Copy, exactly as written, the lines that begin at the one containing "Hanlim Gym chapter 145 page 2" and end at the one containing "Ultimate Car - Hyper Stunt Mega Ramp 2021". Skip any pictures in the data below.

Records to process =>
_____

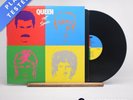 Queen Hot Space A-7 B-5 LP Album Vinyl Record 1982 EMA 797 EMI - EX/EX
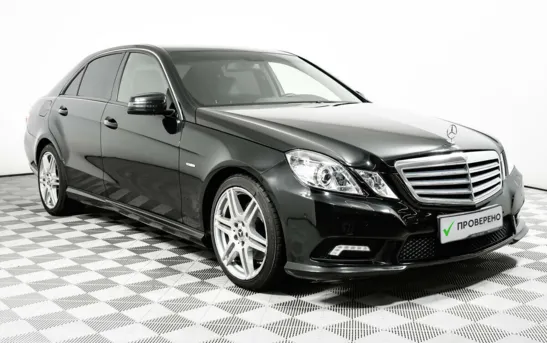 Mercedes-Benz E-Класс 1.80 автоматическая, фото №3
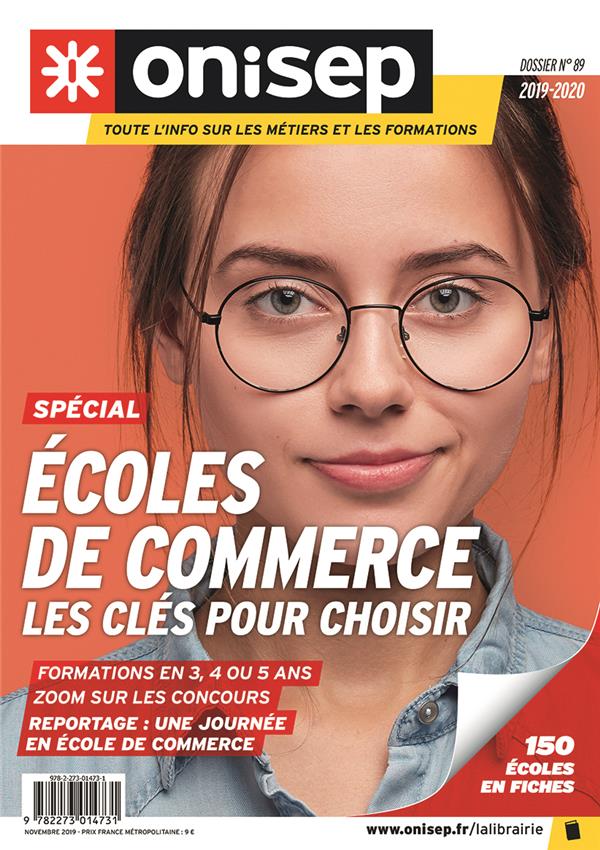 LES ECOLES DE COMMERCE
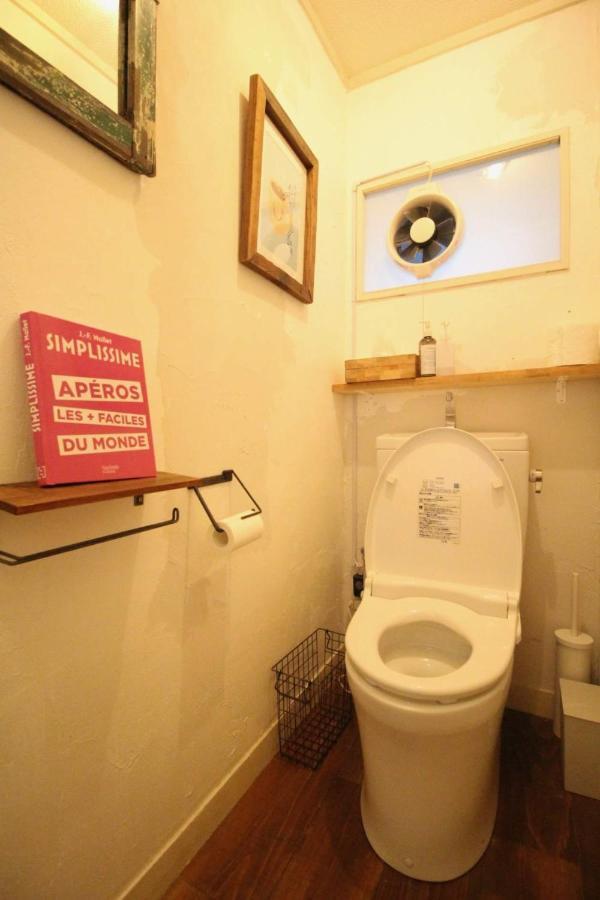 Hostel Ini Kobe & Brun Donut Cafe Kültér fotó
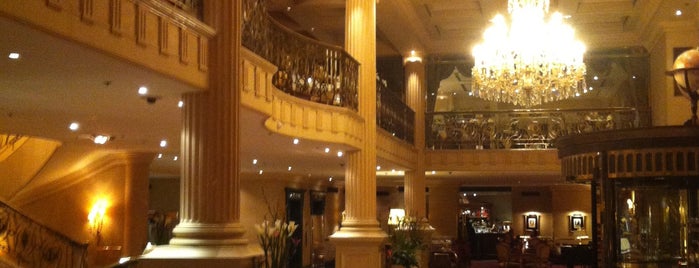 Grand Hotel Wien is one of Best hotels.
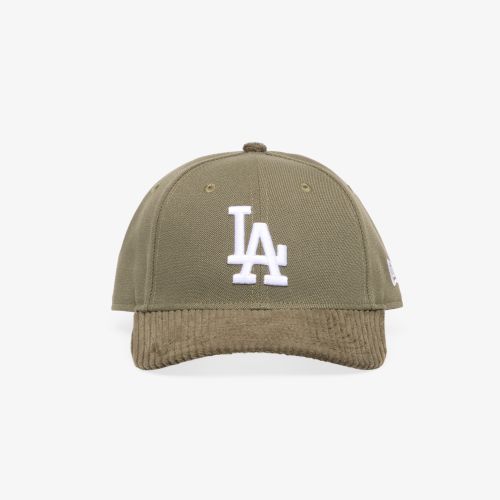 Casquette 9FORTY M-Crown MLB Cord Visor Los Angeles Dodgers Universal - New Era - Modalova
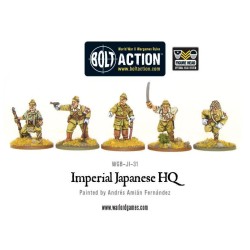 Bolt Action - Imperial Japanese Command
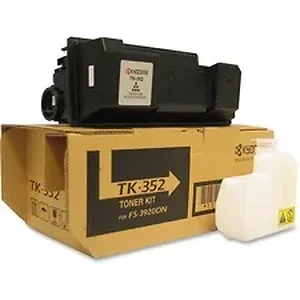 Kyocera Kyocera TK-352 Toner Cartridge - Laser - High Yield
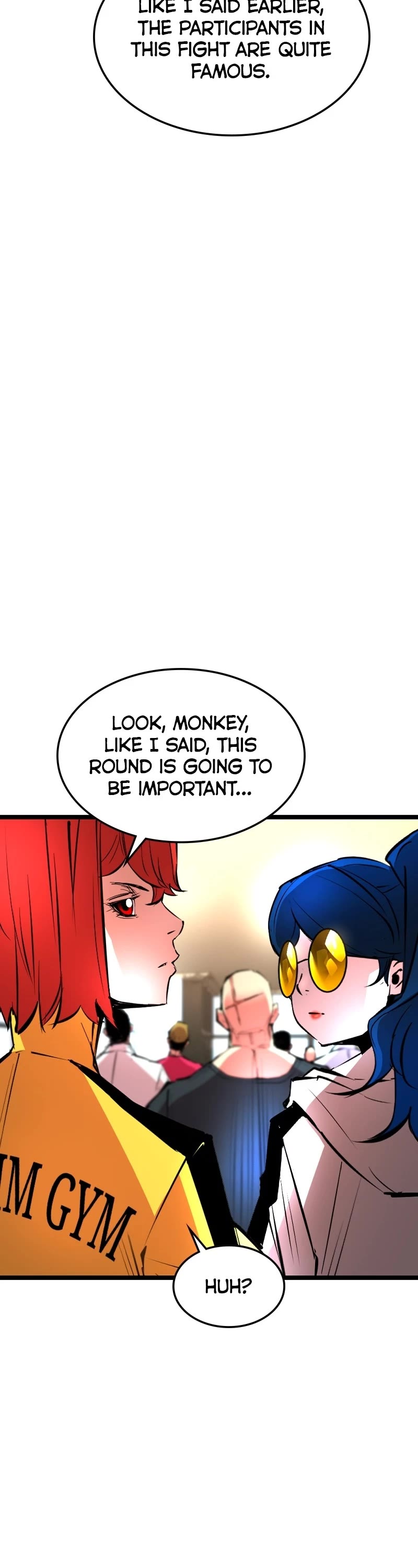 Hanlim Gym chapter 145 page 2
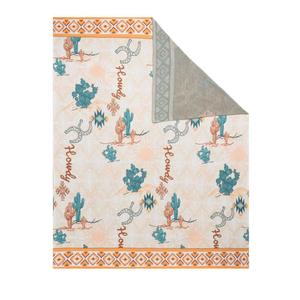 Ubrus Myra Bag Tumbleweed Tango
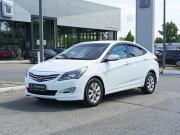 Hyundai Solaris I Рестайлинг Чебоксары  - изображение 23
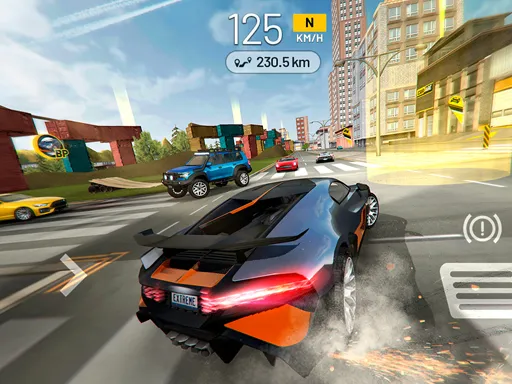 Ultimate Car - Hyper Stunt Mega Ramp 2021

_____

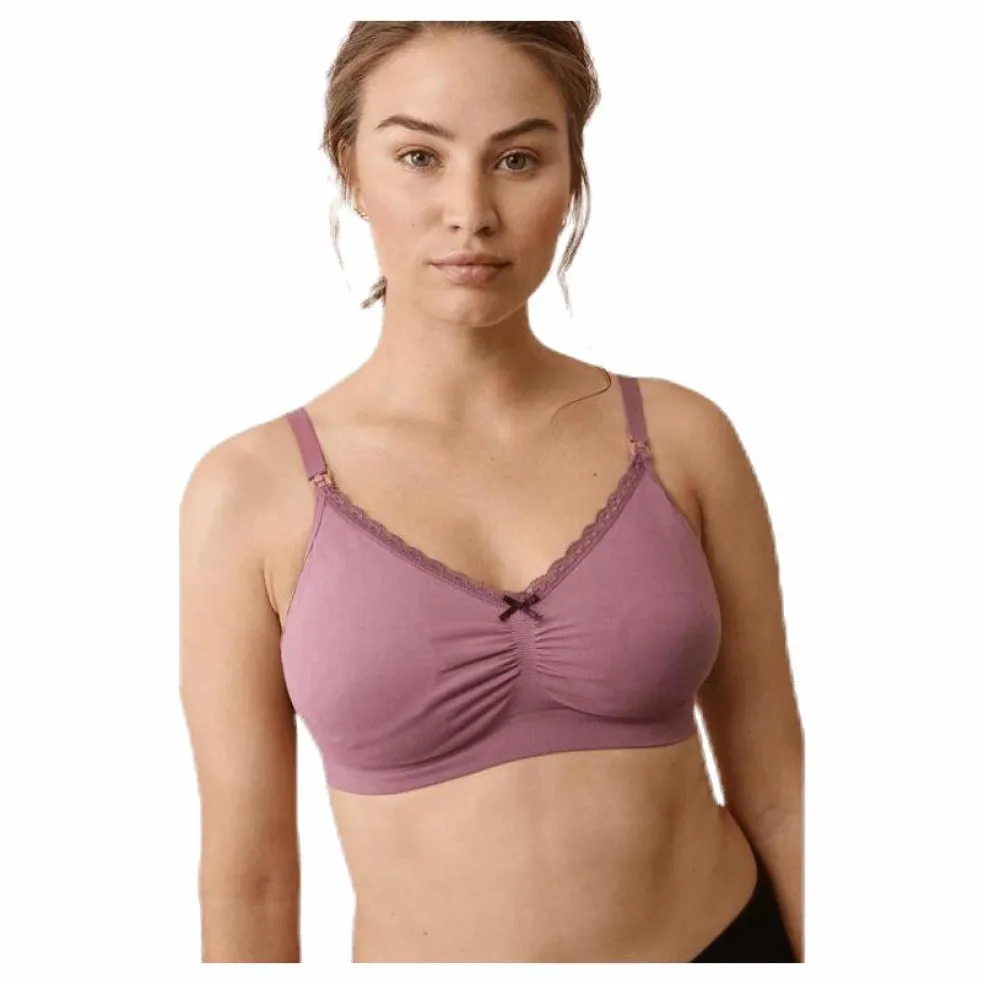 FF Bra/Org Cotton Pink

_____

Answer space =>
 Hanlim Gym chapter 145 page 2
 Ubrus Myra Bag Tumbleweed Tango
 Hyundai Solaris I Рестайлинг Чебоксары  - изображение 23
 Ultimate Car - Hyper Stunt Mega Ramp 2021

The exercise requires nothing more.